All of the data must be returned exactly as given.

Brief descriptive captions
● ● ● ● ● ● ●
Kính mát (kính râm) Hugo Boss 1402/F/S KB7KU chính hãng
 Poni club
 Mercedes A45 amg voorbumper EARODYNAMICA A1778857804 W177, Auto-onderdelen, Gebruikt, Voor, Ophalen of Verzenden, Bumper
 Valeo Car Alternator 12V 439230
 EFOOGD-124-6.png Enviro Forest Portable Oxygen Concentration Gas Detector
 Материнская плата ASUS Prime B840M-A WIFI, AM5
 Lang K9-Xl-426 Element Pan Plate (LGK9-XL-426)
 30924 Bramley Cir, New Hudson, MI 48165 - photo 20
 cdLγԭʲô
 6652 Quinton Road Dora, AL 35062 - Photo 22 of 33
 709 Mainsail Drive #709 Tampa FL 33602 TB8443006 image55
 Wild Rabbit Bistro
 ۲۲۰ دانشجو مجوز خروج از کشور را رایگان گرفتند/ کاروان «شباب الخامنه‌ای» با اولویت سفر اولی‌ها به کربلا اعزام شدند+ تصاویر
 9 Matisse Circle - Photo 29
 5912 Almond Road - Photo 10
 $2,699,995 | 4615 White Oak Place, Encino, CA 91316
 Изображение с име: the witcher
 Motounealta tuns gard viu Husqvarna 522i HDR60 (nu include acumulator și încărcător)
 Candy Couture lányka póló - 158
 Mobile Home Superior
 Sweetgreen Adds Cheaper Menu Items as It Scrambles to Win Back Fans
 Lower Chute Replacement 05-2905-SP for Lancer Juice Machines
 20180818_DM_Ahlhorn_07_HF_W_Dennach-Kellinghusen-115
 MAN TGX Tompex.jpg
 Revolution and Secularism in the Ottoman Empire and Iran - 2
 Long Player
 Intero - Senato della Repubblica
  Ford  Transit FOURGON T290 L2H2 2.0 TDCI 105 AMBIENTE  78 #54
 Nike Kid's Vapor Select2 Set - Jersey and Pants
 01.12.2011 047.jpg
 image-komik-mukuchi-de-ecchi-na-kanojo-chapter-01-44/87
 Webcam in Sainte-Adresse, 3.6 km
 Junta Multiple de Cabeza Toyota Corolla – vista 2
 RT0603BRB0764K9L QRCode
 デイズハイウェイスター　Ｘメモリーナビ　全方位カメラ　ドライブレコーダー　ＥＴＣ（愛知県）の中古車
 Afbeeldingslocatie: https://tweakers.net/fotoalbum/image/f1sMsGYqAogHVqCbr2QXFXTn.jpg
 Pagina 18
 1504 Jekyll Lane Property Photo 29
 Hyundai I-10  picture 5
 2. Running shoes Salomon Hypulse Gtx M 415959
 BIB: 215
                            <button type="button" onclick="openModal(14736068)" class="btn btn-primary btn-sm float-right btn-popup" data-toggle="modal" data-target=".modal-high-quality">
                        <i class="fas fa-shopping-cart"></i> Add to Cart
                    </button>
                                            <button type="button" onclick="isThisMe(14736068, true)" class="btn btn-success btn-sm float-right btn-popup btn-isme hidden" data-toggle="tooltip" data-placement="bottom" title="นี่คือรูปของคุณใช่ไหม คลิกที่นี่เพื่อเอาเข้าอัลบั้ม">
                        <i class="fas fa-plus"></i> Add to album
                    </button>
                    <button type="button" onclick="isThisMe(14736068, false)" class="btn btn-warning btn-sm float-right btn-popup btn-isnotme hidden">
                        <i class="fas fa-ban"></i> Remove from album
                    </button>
● ● ● ● ● ● ●
**TASK ANSWER:**
Kính mát (kính râm) Hugo Boss 1402/F/S KB7KU chính hãng
 Poni club
 Mercedes A45 amg voorbumper EARODYNAMICA A1778857804 W177, Auto-onderdelen, Gebruikt, Voor, Ophalen of Verzenden, Bumper
 Valeo Car Alternator 12V 439230
 EFOOGD-124-6.png Enviro Forest Portable Oxygen Concentration Gas Detector
 Материнская плата ASUS Prime B840M-A WIFI, AM5
 Lang K9-Xl-426 Element Pan Plate (LGK9-XL-426)
 30924 Bramley Cir, New Hudson, MI 48165 - photo 20
 cdLγԭʲô
 6652 Quinton Road Dora, AL 35062 - Photo 22 of 33
 709 Mainsail Drive #709 Tampa FL 33602 TB8443006 image55
 Wild Rabbit Bistro
 ۲۲۰ دانشجو مجوز خروج از کشور را رایگان گرفتند/ کاروان «شباب الخامنه‌ای» با اولویت سفر اولی‌ها به کربلا اعزام شدند+ تصاویر
 9 Matisse Circle - Photo 29
 5912 Almond Road - Photo 10
 $2,699,995 | 4615 White Oak Place, Encino, CA 91316
 Изображение с име: the witcher
 Motounealta tuns gard viu Husqvarna 522i HDR60 (nu include acumulator și încărcător)
 Candy Couture lányka póló - 158
 Mobile Home Superior
 Sweetgreen Adds Cheaper Menu Items as It Scrambles to Win Back Fans
 Lower Chute Replacement 05-2905-SP for Lancer Juice Machines
 20180818_DM_Ahlhorn_07_HF_W_Dennach-Kellinghusen-115
 MAN TGX Tompex.jpg
 Revolution and Secularism in the Ottoman Empire and Iran - 2
 Long Player
 Intero - Senato della Repubblica
  Ford  Transit FOURGON T290 L2H2 2.0 TDCI 105 AMBIENTE  78 #54
 Nike Kid's Vapor Select2 Set - Jersey and Pants
 01.12.2011 047.jpg
 image-komik-mukuchi-de-ecchi-na-kanojo-chapter-01-44/87
 Webcam in Sainte-Adresse, 3.6 km
 Junta Multiple de Cabeza Toyota Corolla – vista 2
 RT0603BRB0764K9L QRCode
 デイズハイウェイスター　Ｘメモリーナビ　全方位カメラ　ドライブレコーダー　ＥＴＣ（愛知県）の中古車
 Afbeeldingslocatie: https://tweakers.net/fotoalbum/image/f1sMsGYqAogHVqCbr2QXFXTn.jpg
 Pagina 18
 1504 Jekyll Lane Property Photo 29
 Hyundai I-10  picture 5
 2. Running shoes Salomon Hypulse Gtx M 415959
 BIB: 215
                            <button type="button" onclick="openModal(14736068)" class="btn btn-primary btn-sm float-right btn-popup" data-toggle="modal" data-target=".modal-high-quality">
                        <i class="fas fa-shopping-cart"></i> Add to Cart
                    </button>
                                            <button type="button" onclick="isThisMe(14736068, true)" class="btn btn-success btn-sm float-right btn-popup btn-isme hidden" data-toggle="tooltip" data-placement="bottom" title="นี่คือรูปของคุณใช่ไหม คลิกที่นี่เพื่อเอาเข้าอัลบั้ม">
                        <i class="fas fa-plus"></i> Add to album
                    </button>
                    <button type="button" onclick="isThisMe(14736068, false)" class="btn btn-warning btn-sm float-right btn-popup btn-isnotme hidden">
                        <i class="fas fa-ban"></i> Remove from album
                    </button>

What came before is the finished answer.